Centering in on the Public Realm

Tonight Metro held another in their series of Get Centered events, this one featuring Fred Kent from the Project for Public Spaces on the topic of public squares.

Many of the models of great public squares were European of course, but Pioneer Courthouse Square compared favorably. Esther Short Park in Vancouver was also discussed in detail (and with compliments).

A key difference between European and American squares/plazas/piazzas is that in Europe the square extends all the way to the building faces, while in America they are almost always bounded by streets. Which is an excellent reminder that streets are an important part of the public realm and very important in how they frame public spaces.

So what examples can you site for streets in our region that make great public spaces or set off other public space? What are the biggest opportunities lost?

Of course, I’d be remiss if I didn’t mention the great work of City Repair (pictured left).

4 responses to “Centering in on the Public Realm”

  1. I am struck by the fact that few if any of our neighborhoods have squares or plazas at their crossroads or centers, leaving even those with many positives without focus or a clearer identity… Where is the “center” of Multnomah? of Westmoreland? of NorthWest? of Alameda? Not to be found! This could be a project for City Repair…find/create centers for each of Portland’s many fine neighborhoods.

    My favorite potential project is the Fireman’s Memorial at 18th & W. Burnside. We could narrow 18th and 19th this afternoon with no great consequence for auto traffic, allowing for more trees and grass to frame the Memorial. Burnside could be paved with something other than asphalt to give drivers pause, and the angle onto Alder could be re-routed to create a nice little open space at the front of the Memorial where citizens on foot could pause in some peace and reflect on our fire fighting heros.

    Alas, my reaction to the Tanner Springs Park…viewed through the fences before its opening…was one of disappointment; such wide sidewalks, in addition to the streets and so little meadow/greenspace.
    Image if just one street had been vacated! or if Northrup were just there for Streetcar a la Portland State and the “meadow” reached right up to the tracks!
    Lenny Anderson, NE Portland

  2. This is an interesting topic. At what point does the value of a street switch from moving traffic to becoming part of the public realm. PDX made a mistake with Tanner park in not closing one of the roads (which was in the original design) Traffic movement won over public design. The thing is with densities as high as they are in the Pearl it should have been a no brainer. The needs of the residents should have trumped commuter movement. The street should have been closed as it is at Jamison Square.

  3. “At what point does the value of a street switch from moving traffic to becoming part of the public realm.”

    I think the question ought to be at what point does the value of a street switch from being part of a the public realm to moving traffic?

    Our belief that we will create “special” streets that are interesting spaces while the rest are Soviet-style industrial artifacts is part of the problem. The reason people are so concerned about making the inside of their car a pleasant environment is that outside the environment it travels in are so unpleasant.

    What I took away from the discussion yesterday was the paucity of examples for the suburban areas that are trying to retrofit late 20th century suburban development into the 21st century.

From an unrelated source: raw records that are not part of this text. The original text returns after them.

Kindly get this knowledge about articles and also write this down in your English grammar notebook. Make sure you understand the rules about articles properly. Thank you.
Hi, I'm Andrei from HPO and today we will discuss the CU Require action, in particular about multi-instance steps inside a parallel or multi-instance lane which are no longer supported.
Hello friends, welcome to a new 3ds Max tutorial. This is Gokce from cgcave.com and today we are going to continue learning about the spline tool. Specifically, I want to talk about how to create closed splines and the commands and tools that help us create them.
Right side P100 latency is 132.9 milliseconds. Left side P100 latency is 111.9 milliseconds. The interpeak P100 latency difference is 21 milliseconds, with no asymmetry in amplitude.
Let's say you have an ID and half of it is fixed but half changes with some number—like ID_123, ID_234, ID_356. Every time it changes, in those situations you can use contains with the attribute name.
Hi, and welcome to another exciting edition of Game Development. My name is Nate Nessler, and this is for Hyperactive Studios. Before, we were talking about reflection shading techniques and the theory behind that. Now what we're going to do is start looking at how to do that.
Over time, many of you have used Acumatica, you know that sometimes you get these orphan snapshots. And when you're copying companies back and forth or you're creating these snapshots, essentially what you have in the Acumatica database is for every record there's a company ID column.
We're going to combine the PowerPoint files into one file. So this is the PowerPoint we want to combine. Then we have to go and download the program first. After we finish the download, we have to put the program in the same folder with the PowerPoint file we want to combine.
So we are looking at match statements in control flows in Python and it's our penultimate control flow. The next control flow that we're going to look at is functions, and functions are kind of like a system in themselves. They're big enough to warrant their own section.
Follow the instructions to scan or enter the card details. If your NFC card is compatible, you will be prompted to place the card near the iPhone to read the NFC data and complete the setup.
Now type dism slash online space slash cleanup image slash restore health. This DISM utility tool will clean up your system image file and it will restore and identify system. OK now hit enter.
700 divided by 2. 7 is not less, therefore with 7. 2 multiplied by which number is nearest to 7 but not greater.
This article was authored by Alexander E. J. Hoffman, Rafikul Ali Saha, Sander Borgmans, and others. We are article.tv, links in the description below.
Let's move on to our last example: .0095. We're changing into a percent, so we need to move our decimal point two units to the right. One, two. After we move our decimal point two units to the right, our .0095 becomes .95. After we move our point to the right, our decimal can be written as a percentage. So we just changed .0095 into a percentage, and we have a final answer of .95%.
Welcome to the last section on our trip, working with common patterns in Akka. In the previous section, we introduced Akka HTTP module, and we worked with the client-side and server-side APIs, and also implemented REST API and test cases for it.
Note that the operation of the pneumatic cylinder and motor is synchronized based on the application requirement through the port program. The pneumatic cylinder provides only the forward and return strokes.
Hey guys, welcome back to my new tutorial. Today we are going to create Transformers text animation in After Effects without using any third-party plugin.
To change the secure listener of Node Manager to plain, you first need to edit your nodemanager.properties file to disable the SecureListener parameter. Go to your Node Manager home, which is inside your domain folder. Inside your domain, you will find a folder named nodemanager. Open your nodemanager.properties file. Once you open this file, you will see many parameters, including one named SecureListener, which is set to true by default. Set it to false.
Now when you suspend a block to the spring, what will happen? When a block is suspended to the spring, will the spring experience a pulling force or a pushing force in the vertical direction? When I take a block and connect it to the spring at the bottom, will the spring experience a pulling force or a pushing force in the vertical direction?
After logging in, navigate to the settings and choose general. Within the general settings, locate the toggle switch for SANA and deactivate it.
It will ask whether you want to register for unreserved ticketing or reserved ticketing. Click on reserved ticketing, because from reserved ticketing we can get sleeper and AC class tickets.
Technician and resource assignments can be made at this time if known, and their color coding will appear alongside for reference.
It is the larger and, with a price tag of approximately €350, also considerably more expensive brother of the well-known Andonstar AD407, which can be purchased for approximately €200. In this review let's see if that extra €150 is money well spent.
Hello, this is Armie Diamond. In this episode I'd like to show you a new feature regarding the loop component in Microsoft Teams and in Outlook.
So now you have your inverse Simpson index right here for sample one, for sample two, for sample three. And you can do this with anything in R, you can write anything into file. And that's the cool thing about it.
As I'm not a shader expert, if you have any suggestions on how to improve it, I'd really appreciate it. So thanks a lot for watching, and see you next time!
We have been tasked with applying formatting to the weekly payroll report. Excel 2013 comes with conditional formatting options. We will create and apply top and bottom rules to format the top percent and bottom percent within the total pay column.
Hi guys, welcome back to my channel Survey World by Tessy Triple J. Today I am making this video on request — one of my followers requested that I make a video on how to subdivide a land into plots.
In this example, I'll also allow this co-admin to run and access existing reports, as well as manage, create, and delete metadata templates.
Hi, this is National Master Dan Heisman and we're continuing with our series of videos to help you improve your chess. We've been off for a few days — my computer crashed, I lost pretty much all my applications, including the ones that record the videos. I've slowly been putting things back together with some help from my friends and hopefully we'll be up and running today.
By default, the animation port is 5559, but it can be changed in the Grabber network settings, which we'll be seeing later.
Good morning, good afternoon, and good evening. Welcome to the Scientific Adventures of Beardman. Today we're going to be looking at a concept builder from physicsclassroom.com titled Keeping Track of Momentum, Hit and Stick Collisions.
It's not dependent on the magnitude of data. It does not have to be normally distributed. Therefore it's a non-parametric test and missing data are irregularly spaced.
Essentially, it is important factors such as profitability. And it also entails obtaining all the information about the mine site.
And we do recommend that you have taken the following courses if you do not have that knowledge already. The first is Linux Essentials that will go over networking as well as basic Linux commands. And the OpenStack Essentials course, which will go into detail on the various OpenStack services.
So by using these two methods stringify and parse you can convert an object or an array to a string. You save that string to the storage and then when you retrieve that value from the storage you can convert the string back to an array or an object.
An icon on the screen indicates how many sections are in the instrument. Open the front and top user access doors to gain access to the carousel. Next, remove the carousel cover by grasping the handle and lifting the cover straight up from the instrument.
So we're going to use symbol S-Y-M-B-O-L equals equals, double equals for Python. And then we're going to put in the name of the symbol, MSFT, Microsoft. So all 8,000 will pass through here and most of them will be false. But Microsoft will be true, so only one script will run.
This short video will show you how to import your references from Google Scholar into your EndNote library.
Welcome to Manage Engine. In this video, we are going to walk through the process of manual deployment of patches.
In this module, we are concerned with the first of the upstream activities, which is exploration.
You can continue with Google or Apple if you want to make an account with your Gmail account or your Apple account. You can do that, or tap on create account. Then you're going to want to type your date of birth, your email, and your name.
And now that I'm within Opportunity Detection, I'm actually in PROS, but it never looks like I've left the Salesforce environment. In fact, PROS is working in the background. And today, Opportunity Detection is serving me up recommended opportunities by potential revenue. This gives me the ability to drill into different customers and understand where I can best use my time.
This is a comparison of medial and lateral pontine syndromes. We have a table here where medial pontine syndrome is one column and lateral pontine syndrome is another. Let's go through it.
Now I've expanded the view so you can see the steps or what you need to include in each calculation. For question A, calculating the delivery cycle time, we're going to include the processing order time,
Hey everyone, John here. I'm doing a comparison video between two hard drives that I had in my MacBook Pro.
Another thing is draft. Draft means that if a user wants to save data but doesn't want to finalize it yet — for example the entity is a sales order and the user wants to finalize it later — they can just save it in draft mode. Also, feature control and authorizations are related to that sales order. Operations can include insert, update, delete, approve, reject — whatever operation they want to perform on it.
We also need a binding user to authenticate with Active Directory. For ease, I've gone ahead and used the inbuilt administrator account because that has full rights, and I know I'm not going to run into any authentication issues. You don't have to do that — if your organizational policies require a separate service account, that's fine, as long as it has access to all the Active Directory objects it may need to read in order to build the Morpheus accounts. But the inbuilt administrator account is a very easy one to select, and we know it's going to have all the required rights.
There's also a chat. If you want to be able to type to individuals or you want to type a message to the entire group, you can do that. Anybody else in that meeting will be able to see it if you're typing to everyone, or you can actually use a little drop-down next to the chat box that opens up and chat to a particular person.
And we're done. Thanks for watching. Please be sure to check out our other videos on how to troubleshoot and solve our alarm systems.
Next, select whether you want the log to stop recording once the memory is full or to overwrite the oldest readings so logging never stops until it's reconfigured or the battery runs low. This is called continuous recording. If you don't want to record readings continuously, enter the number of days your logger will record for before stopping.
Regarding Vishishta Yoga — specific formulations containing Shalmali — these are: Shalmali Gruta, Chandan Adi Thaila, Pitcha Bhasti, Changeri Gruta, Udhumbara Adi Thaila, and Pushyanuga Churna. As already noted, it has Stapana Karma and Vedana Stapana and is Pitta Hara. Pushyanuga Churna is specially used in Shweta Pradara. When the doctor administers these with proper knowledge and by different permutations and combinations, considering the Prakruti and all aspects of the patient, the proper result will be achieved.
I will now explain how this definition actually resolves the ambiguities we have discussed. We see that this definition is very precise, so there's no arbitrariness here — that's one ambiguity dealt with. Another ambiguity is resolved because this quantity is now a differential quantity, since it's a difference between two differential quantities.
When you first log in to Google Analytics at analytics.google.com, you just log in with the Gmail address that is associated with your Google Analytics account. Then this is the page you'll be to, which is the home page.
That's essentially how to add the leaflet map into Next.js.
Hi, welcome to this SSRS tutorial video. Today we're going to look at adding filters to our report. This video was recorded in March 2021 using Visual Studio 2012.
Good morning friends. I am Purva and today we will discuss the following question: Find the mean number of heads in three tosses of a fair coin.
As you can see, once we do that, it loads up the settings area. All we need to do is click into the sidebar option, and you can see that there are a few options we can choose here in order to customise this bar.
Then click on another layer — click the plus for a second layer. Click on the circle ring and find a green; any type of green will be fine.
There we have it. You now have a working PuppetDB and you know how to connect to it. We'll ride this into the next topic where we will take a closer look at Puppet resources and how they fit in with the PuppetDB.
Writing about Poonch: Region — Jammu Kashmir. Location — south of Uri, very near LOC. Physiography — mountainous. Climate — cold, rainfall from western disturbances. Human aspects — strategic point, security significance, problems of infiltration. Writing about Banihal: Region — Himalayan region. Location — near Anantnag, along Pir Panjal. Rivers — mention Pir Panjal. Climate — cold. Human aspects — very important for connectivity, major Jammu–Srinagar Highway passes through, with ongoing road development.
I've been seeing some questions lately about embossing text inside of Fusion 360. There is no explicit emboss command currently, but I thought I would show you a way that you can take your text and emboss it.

Virtually all the work seems to be focused on restoring areas that were originally designed as public spaces, not creating spaces out of the suburban development that characterizes a lot of areas.

    The other thing that struck me is that many of the parks and public spaces we do have are not integrated into the commercial core. They are set off away from commerce with hedges and fences to shut them off from the surrounding space where the roads don’t. Even in residential areas like Laurelhurst, the park is edged with planted screens to cut it off from the surrounding community.

    When we talk about “mixed use” we are almost always talking about adding housing to commercial development. Perhaps we need to figure out ways that are politically acceptable to add appropriate commerce to existing residential areas. A commercial mix with a bookstore, coffee shop and small cafe adjacent to Laurelhurst would make it much more a destination.

    The second thing that struck me was the suggestion of using libraries as the center of communities. It is a very different idea than the current libraries in Multnomah County. Currently none of them are really adjacent to public spaces, muchless providing a center. Perhaps a place to start would be by looking at the Midland library on 122nd. It is adjacent to a park and on a major commercial street. Perhaps it could be the catalyst for reclaiming 122nd from the automobile and turning it back into a public space.

  4. I think this city needs a Traffic Safety Masterplan. Part of the masterplan should call for one public square in each Neighborhood Association in the City. We hear all the time that Parks can’t provide more parks for neighborhoods because land is too expensive. Why not have PDOT contribute one intersection in each neighborhood (where two residential streets intersect) to be dedicated as a public square with connectivity for pedestrians and bicycles?

    It would provide small parkspace throughout the city(Parks are experts at designing safe public space), while reducing the number of cars on our neighborhood streets.